#### Task statement:
Pictures excluded, reproduce exactly the lines below from the one with "Hardcover Strength and" through the one with "STAR WARS: THE", both included.

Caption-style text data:
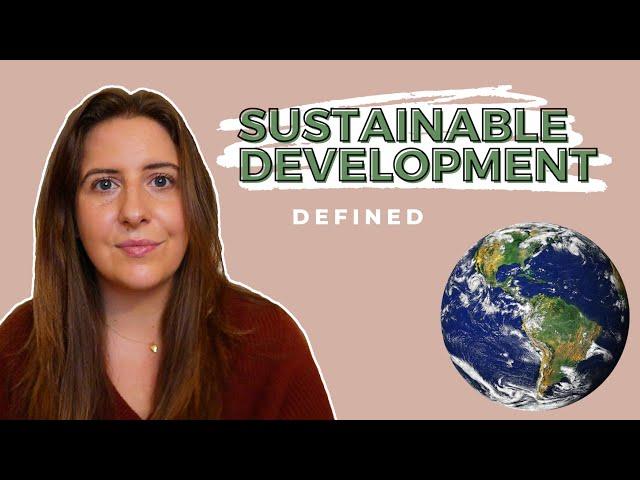 A Non-Boring Definition Sustainable Development | SUSTAINABILITY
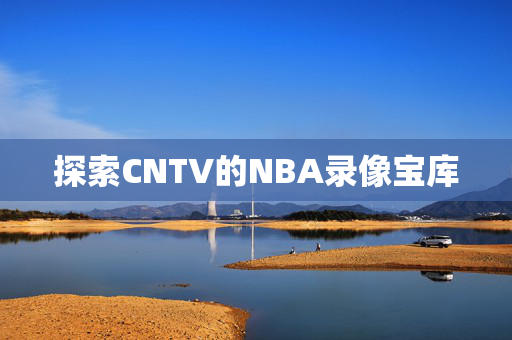 探索CNTV的NBA录像宝库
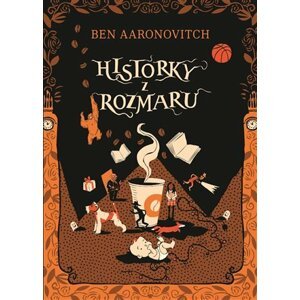 Historky z Rozmaru - Ben Aaronovitch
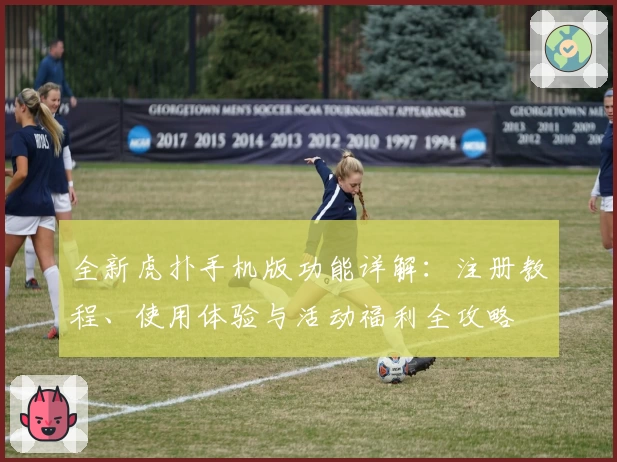 全新虎扑手机版功能详解：注册教程、使用体验与活动福利全攻略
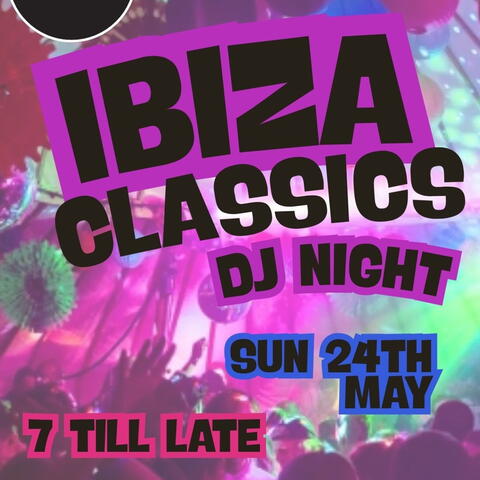 Ibiza Classics DJ Night: The Globe at Hay
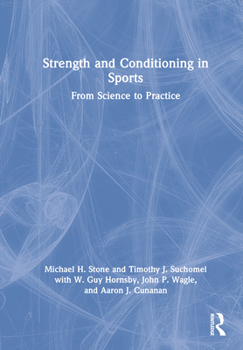 Hardcover Strength and Conditioning in Sports: From Science to Practice Book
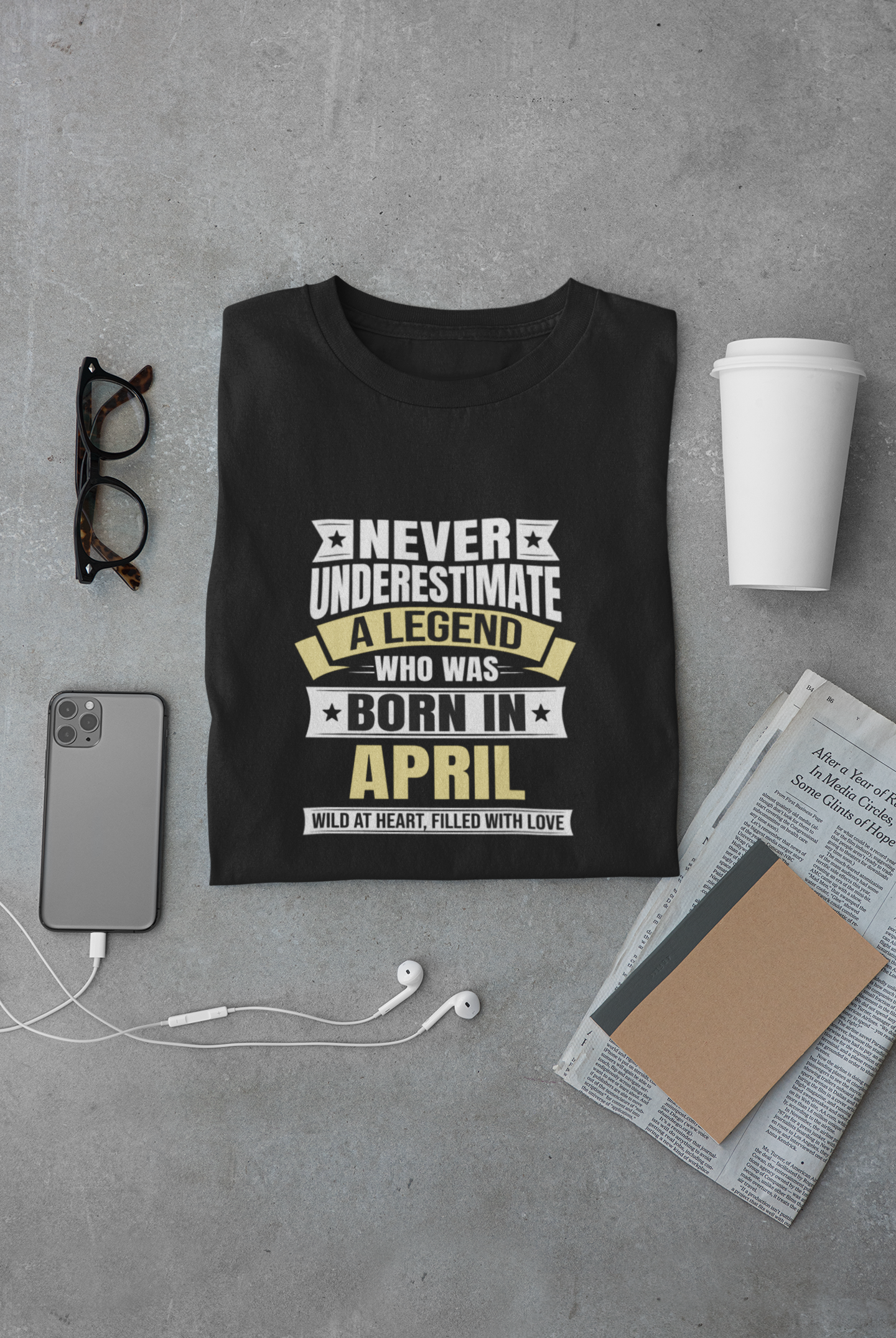 Never Underestimate a Legend Born in April Limited Edition Regular T-shirt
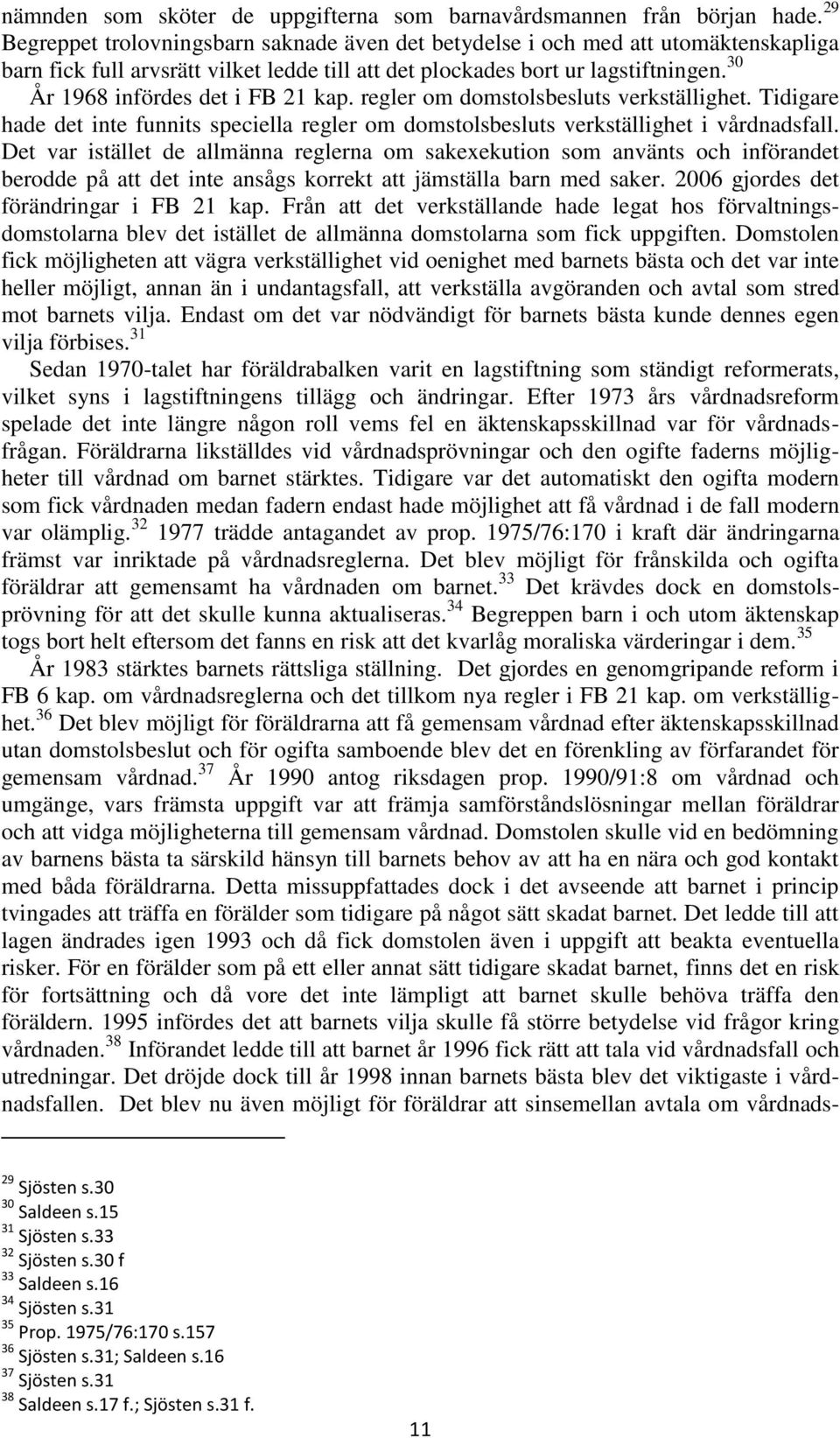 30 År 1968 infördes det i FB 21 kap. regler om domstolsbesluts verkställighet. Tidigare hade det inte funnits speciella regler om domstolsbesluts verkställighet i vårdnadsfall.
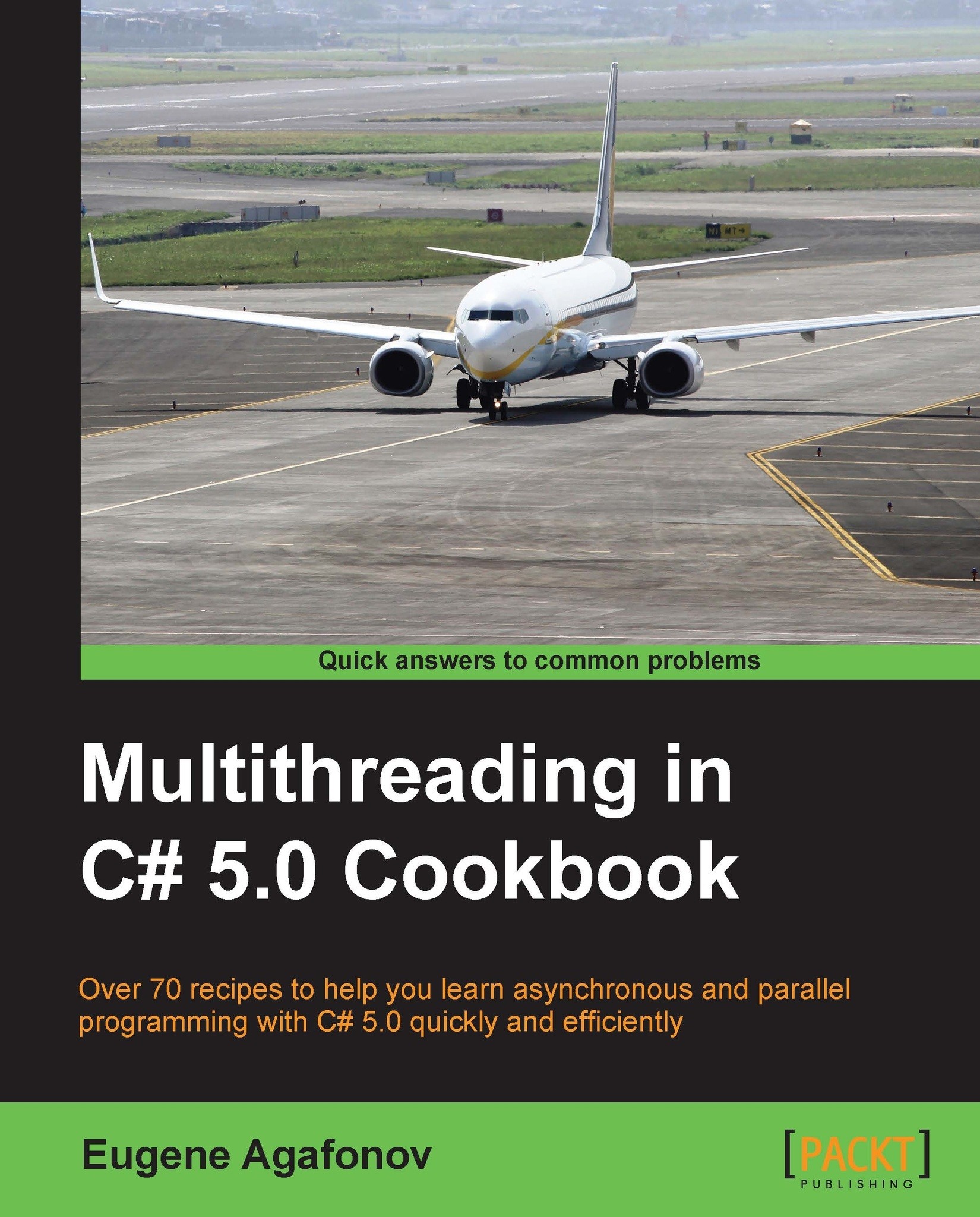 Multithreading in C# 5.0 Cookbook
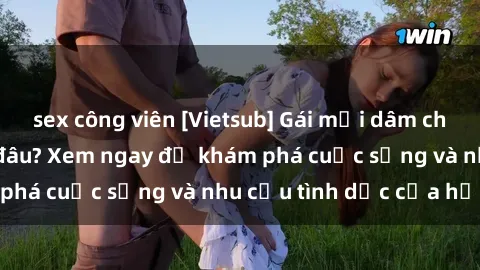 sex công viên [Vietsub] Gái mại dâm châu Á hấp dẫn đến đâu? Xem ngay để khám phá cuộc sống và nhu cầu tình dục của họ!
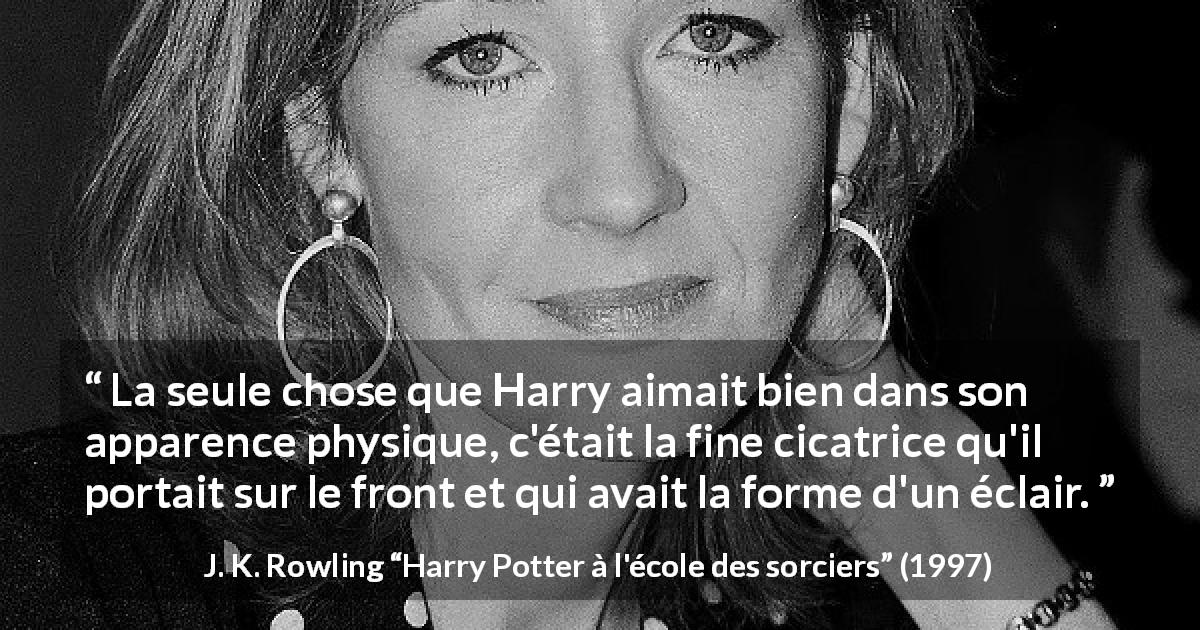 Citation de J. K. Rowling sur les cicatrices tirée de Harry Potter à l'école des sorciers - La seule chose que Harry aimait bien dans son apparence physique, c'était la fine cicatrice qu'il portait sur le front et qui avait la forme d'un éclair.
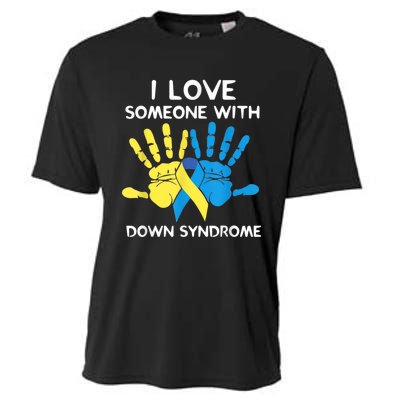 Down Syndrome Awareness  I Love Someone With Down Syndrome Cooling Performance Crew T-Shirt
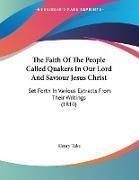 The Faith Of The People Called Quakers In Our Lord And Saviour Jesus Christ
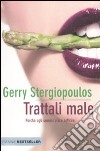 Trattali male. Perché agli uomini piace soffrire libro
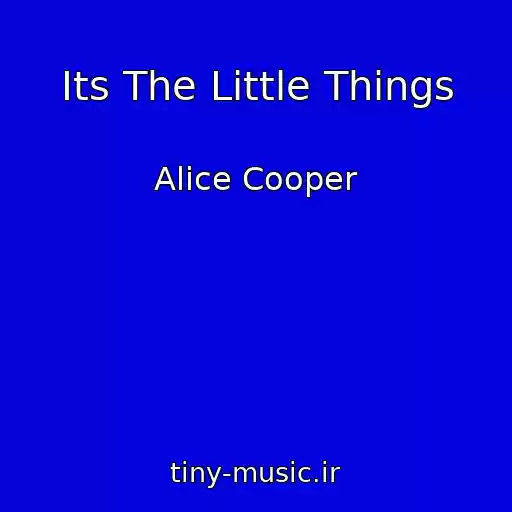 کاور آهنگ Its The Little Things از Alice Cooper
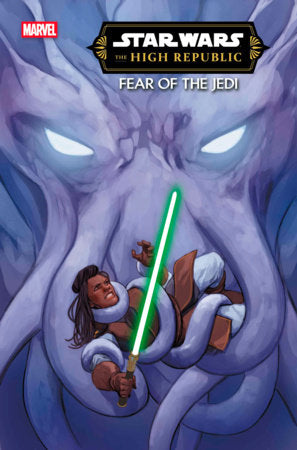 STAR WARS: THE HIGH REPUBLIC - FEAR OF THE JEDI #4 (5/21/2025)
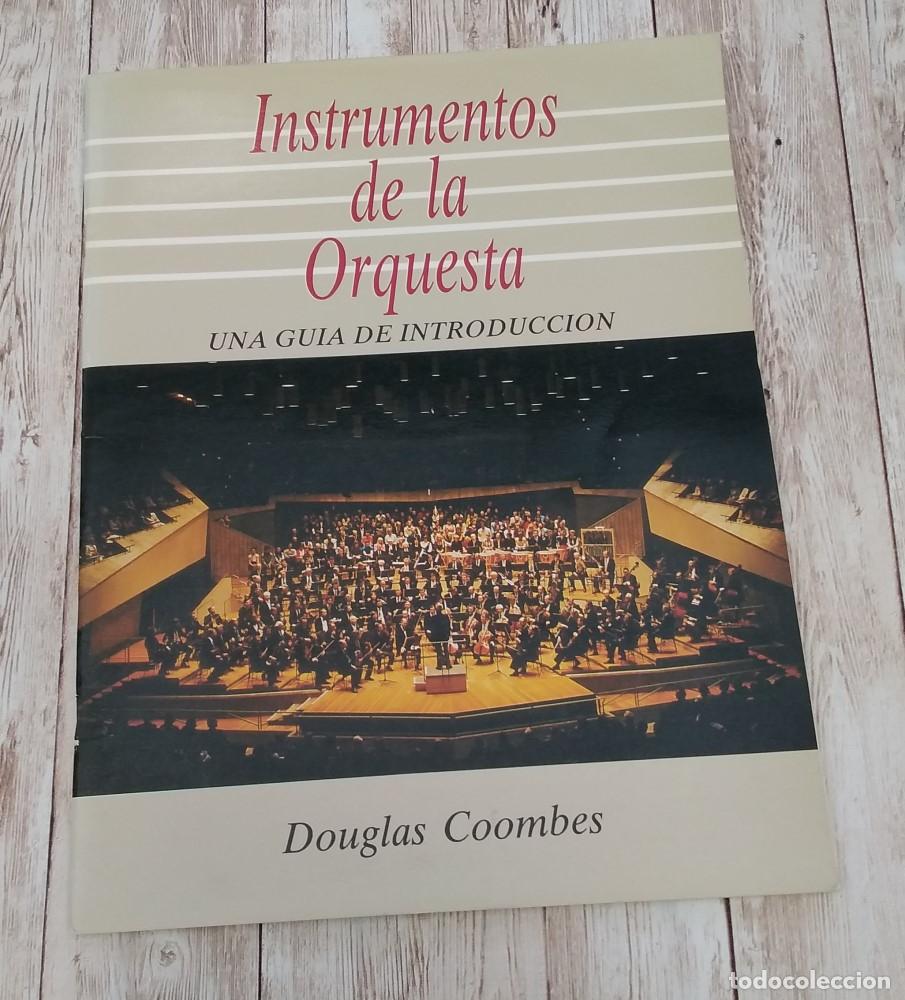 Libros: Instrumentos de la orquesta. Una gu&iacute;a de introducci&oacute;n - Douglas Coombes - Foto 1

#### Result for this exercise:
 Hardcover Strength and Conditioning in Sports: From Science to Practice Book
 Never Underestimate a Legend Born in April Limited Edition Regular T-shirt
 30 År 1968 infördes det i FB 21 kap. regler om domstolsbesluts verkställighet. Tidigare hade det inte funnits speciella regler om domstolsbesluts verkställighet i vårdnadsfall.
 Multithreading in C# 5.0 Cookbook
 sex công viên [Vietsub] Gái mại dâm châu Á hấp dẫn đến đâu? Xem ngay để khám phá cuộc sống và nhu cầu tình dục của họ!
 Citation de J. K. Rowling sur les cicatrices tirée de Harry Potter à l'école des sorciers - La seule chose que Harry aimait bien dans son apparence physique, c'était la fine cicatrice qu'il portait sur le front et qui avait la forme d'un éclair.
 Down Syndrome Awareness  I Love Someone With Down Syndrome Cooling Performance Crew T-Shirt
 The Faith Of The People Called Quakers In Our Lord And Saviour Jesus Christ
 Trattali male. Perché agli uomini piace soffrire libro
 کاور آهنگ Its The Little Things از Alice Cooper
 STAR WARS: THE HIGH REPUBLIC - FEAR OF THE JEDI #4 (5/21/2025)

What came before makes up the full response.